# [Material for this exercise]
──────

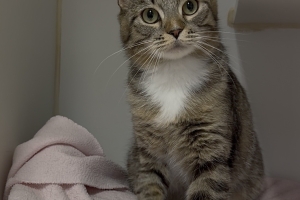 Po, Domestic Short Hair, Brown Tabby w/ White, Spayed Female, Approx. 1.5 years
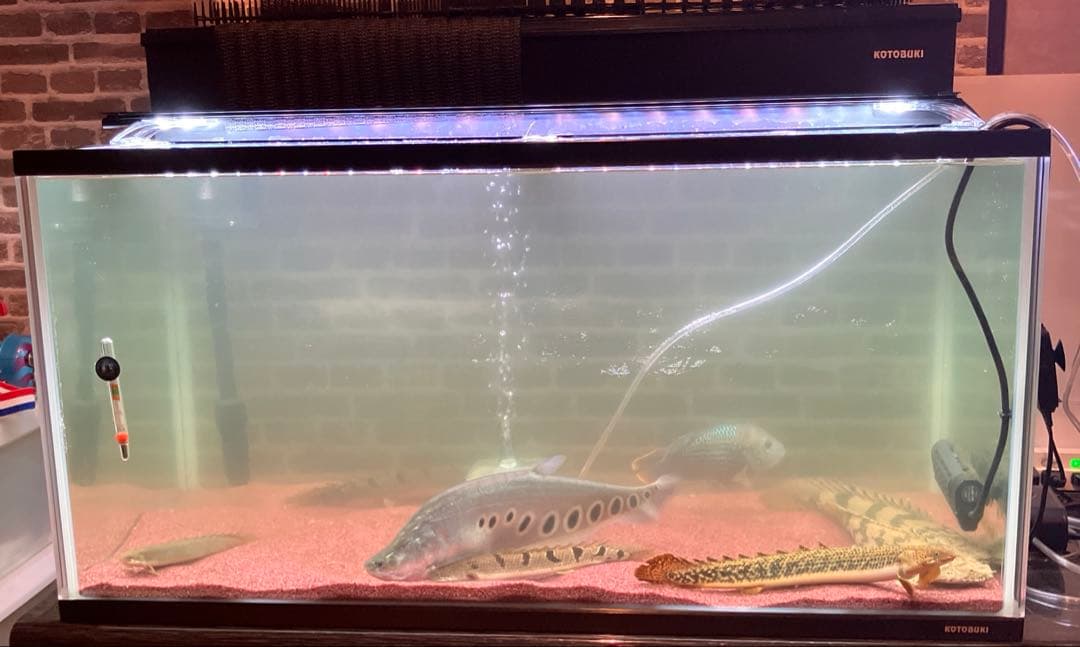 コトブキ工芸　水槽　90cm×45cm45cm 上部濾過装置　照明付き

──────

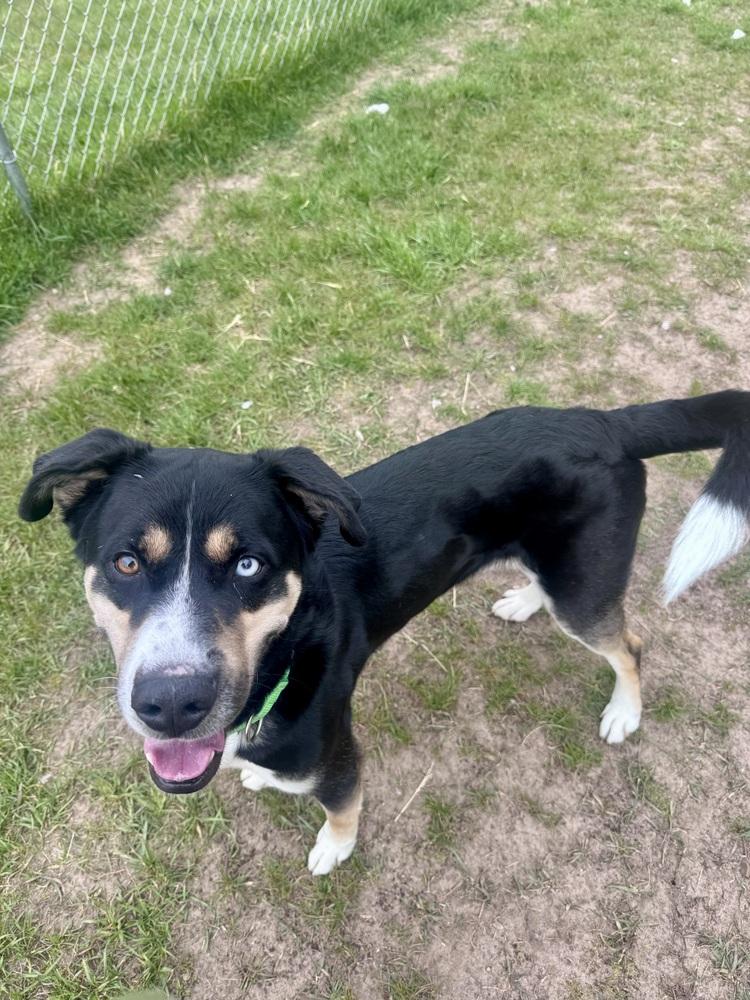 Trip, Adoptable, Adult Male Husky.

──────

Your reply is to be an exact repeat of the listing above from the line holding "Po, Domestic Short" down to the line holding "コトブキ工芸　水槽　90cm×45cm45cm 上部濾過装置　照明付き", ends included, pictures excluded.

 Po, Domestic Short Hair, Brown Tabby w/ White, Spayed Female, Approx. 1.5 years
 コトブキ工芸　水槽　90cm×45cm45cm 上部濾過装置　照明付き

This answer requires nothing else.